Por otro lado, se le consideraba un «reformista» que apoyaba un cambio hacia una economía de mercado así como la reducción de los campamentos de trabajo y la liberación de los presos políticos. Es posible que la gran hambruna de la década de 1990, y la muerte de tantos fieles del partido entre los cientos de miles de personas que perdieron la vida, llevaran a Jang a la desobediencia encubierta.

En todo caso, el suyo era un juego peligroso, ya que pretendía limar las asperezas del régimen mientras conspiraba para derrocarlo.

Ser considerado un «reformista» en Corea del Norte nunca fue seguro, sin importar lo encumbrado que se estuviera. Pero a menudo quienes desaparecían de las filas de liderazgo por estar del lado equivocado en los vaivenes de la política volvían a aparecer después de un período de exilio interno.

Pak Pong Ju, según rumores favorable a las reformas económicas al estilo chino, perdió su cargo de primer ministro en 2007 y desapareció de la vista. Pero resurgió en 2010 y recuperó el título de premier en 2013.

A pesar de sus conexiones con Jang, Pak sigue vivo y aparece en funciones de Estado. Lo mismo sucede con la esposa de Jang, que se divorció de él poco antes de la ejecución. Por lo tanto, parecería que la purga en Pyongyang se limita a quienes se identifican como golpistas y no abarca a los «reformistas».

De hecho, el día de la expulsión de Jang, Corea del Norte avanzó en un acuerdo con China para construir un enlace ferroviario de alta velocidad que pasará por Pyongyang, y no deja de apoyar la expansión de las zonas de procesamiento de exportaciones.

Pyongyang sigue proponiendo negociaciones con Corea del Sur sobre su zona económica conjunta en Kaesong. Y los funcionarios norcoreanos mantienen su apertura a negociar con Estados Unidos en materia de seguridad, sin condiciones previas.

Washington no debería utilizar la ejecución de Jang Song Taek, por brutal que sea, para reforzar su política de aislamiento hacia Corea del Norte. Nuestro enfoque de «paciencia estratégica» solo alienta una mayor obstinación de Pyongyang y coloca a los reformistas en un territorio potencialmente peligroso.

El caso contra Jang recuerda que incluso aquellos cercanos a la cima de la pirámide norcoreana albergan esperanzas de cambio, si las circunstancias son propicias.

Al igual que Ricardo III en la versión de Shakespeare, Jang conspiró, luchó y perdió. La muerte del «perro sanguinario» al final de la obra de 1593 pone fin a la Guerra de las Rosas y marca el comienzo de la «paz de suave rostro» de la Casa de Tudor.

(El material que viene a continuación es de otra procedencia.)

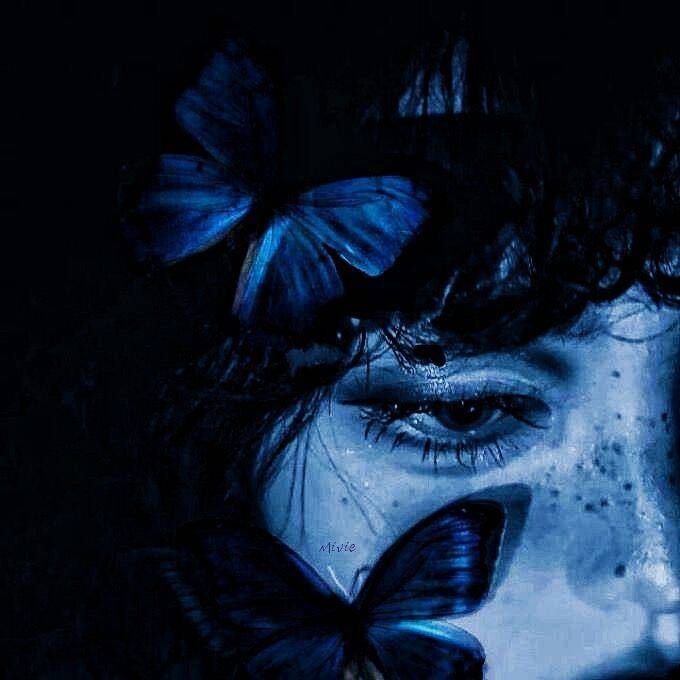 Blue pfp Profile Picture Aesthetic Butterflies and Dark Tones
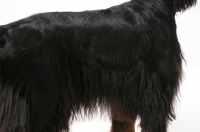 Picture of Australian Champion Gordon Setter, coat close up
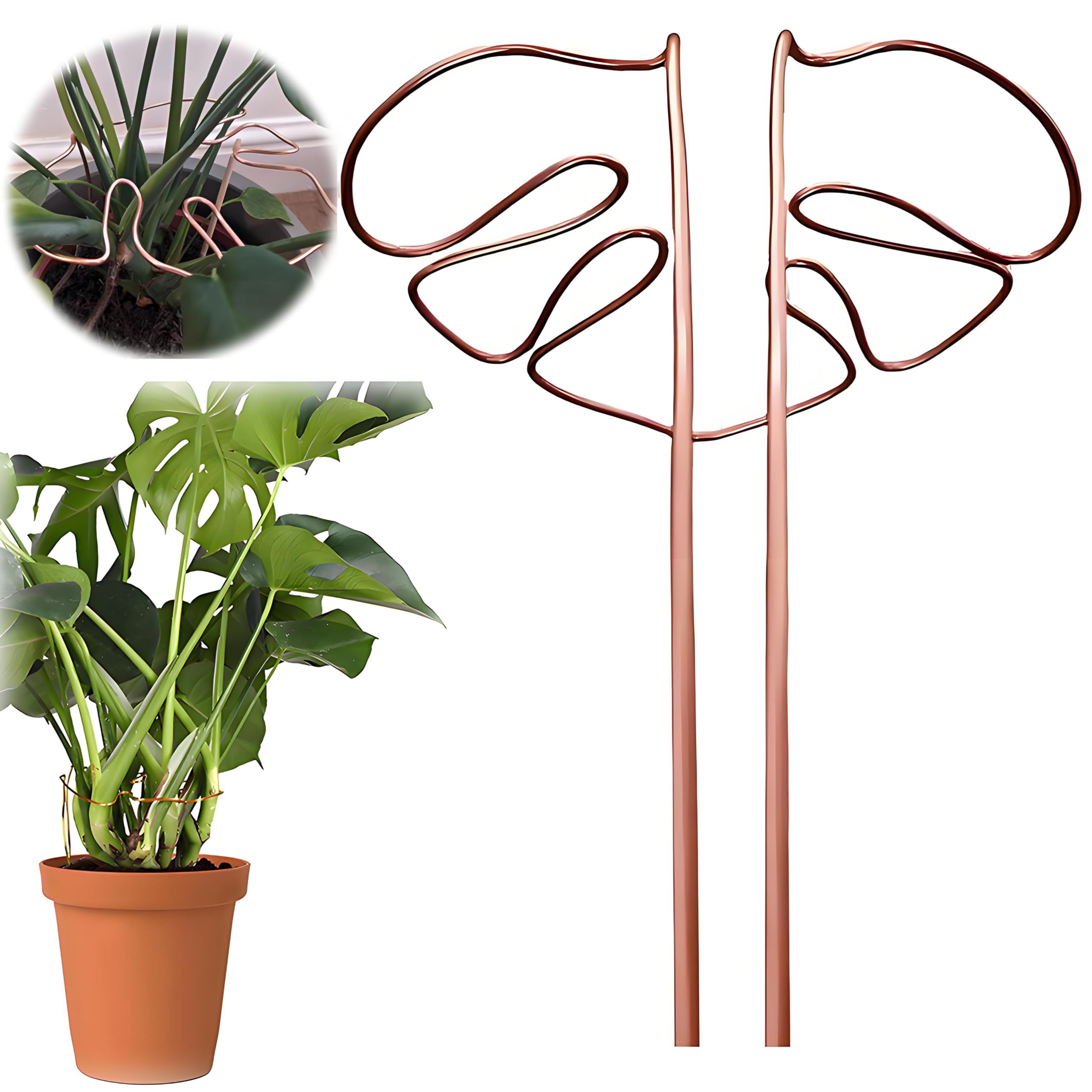 Amazon | XIANFQNKJ モンステラ 支柱 園芸支柱 観葉植物 植物
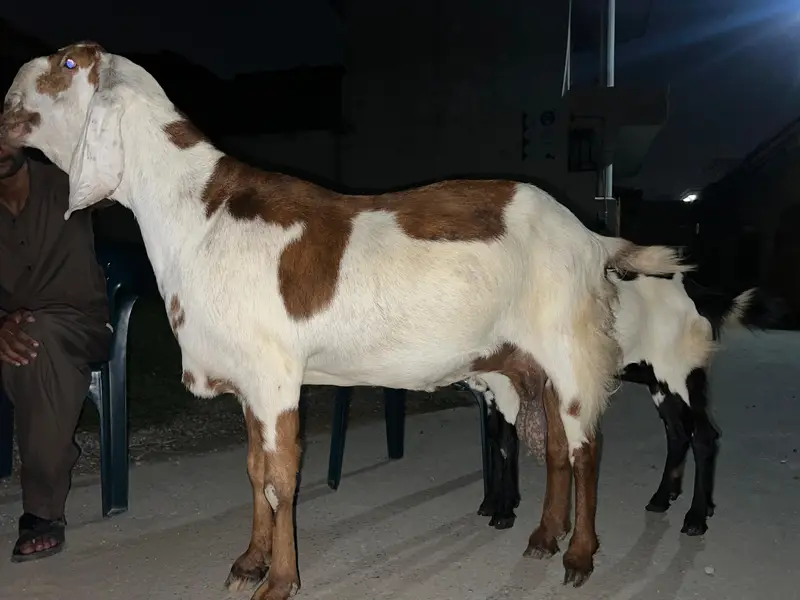 Nasali Bakri For Sale — photo 2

Salvo que el reinado de los Tudor no fue una «paz de suave rostro» en absoluto. Produjo monstruos como Enrique VIII y su sucesión de exesposas sin cabeza, sin mencionar las considerables luchas religiosas. Incluso la reina Tudor a la que Shakespeare colmó de alabanzas, Isabel I, tenía las manos manchadas de mucha sangre, incluida la de su prima, María Estuardo, entre otros.

Kim III puede parecer, con su cintura propia de Falstaff, una figura de humor más que una de temer. Las apariencias suelen engañar. Ha demostrado rápidamente que, al igual que su abuelo, actuará con decisión y sin piedad para mantener su posición de privilegio.

Un futuro complot podría destronarlo. Pero las probabilidades a su favor acaban de mejorar. Washington haría bien en reconstruir su política norcoreana en torno a la realidad de que Kim III no se alejará de los escenarios a corto plazo.